Shortage of nurses crippling health sector in parish
MEDICAL OFFICER of Health for Clarendon, Dr Kimberly Scarlett Campbell, says the Clarendon Health Department is severely impacted by a shortage of nurses affecting the health sector generally.
The inadequate number of specialist nurses has been the subject of intense public debate recently and the matter came up for discussion at the first sitting of the Clarendon Municipal Corporation last Thursday.
Councillor for the Mineral Heights division, Milton Brown, raised the issue and asked whether the parish had been affected. In response, Scarlett Campbell said, “We, too, are feeling the pinch of the shortage of nurses in the parish of Clarendon.”
PRESSURE ON NURSES
She explained that its impact in the parish is such that the public-health specialist nurses have had to be redeployed
“We have an acute shortage of newly trained nurses, and what has been happening is that all public-health nurses have to be filling that slot and, as such, they are working as staff nurses who are single-trained nurses. So some of their core functions have to be put aside and they have to be manning curative clinics,” she told councillors.

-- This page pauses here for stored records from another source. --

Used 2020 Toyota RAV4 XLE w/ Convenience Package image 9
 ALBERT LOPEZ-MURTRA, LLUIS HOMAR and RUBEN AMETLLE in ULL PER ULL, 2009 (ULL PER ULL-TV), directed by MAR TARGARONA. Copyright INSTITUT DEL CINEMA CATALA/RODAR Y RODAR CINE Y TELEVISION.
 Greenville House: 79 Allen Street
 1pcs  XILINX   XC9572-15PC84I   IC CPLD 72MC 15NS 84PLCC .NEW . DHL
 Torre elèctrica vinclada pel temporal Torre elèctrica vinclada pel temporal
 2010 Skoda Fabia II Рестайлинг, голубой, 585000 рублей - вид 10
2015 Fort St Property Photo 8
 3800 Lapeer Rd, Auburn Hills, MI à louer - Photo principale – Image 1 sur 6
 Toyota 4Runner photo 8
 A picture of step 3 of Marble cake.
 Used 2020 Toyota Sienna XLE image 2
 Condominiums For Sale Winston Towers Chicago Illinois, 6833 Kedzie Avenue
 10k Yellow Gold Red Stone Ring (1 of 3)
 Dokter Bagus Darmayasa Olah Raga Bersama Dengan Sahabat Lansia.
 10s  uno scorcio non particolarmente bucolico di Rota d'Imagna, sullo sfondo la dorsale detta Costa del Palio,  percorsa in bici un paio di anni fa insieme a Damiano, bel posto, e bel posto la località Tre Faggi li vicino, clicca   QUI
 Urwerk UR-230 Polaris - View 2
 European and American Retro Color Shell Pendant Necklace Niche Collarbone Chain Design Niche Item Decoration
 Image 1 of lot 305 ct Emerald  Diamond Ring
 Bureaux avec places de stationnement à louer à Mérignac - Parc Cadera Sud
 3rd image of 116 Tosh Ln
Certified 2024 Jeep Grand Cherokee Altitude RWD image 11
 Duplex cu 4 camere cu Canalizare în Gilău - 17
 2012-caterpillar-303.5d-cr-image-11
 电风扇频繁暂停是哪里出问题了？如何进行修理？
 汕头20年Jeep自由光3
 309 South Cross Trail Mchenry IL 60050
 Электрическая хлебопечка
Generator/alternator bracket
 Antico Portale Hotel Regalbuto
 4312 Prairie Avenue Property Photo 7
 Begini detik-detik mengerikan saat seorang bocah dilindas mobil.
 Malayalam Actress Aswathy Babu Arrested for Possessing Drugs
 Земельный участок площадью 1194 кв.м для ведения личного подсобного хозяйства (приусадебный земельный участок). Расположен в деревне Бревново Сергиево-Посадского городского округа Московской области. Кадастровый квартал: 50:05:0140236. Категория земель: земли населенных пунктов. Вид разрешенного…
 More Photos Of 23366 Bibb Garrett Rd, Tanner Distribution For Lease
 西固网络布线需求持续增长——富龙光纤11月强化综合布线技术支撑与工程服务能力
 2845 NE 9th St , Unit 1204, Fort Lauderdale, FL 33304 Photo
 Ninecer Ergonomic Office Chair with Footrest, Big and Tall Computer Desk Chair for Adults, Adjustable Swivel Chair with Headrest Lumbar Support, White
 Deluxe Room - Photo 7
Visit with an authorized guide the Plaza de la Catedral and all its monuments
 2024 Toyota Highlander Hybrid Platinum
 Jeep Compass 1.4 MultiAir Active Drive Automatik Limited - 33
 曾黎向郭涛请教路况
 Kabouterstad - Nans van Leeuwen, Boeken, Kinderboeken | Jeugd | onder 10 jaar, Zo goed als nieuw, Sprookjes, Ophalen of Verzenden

She lamented that nurses had to be driving from May Pen to as far as Kellits or Crofts Hill to work at those facilities doing several jobs at one time.
“We are hoping that the NAJ (Nurses Association of Jamaica) negotiate something with the Government soon so that we can retain our nurses.”
Brown also enquired if there was a shortage of bed space in the parish caused by persons who were fit to go home but are living at the hospital, but Scarlett Campbell said that there has been a longstanding issue at the May Pen Hospital with overcrowding.
“We have some social cases, but I don’t think those cases are that much of an issue in comparison to the overcrowding that is taking place on the wards from persons who have noncommunicable diseases,” she said.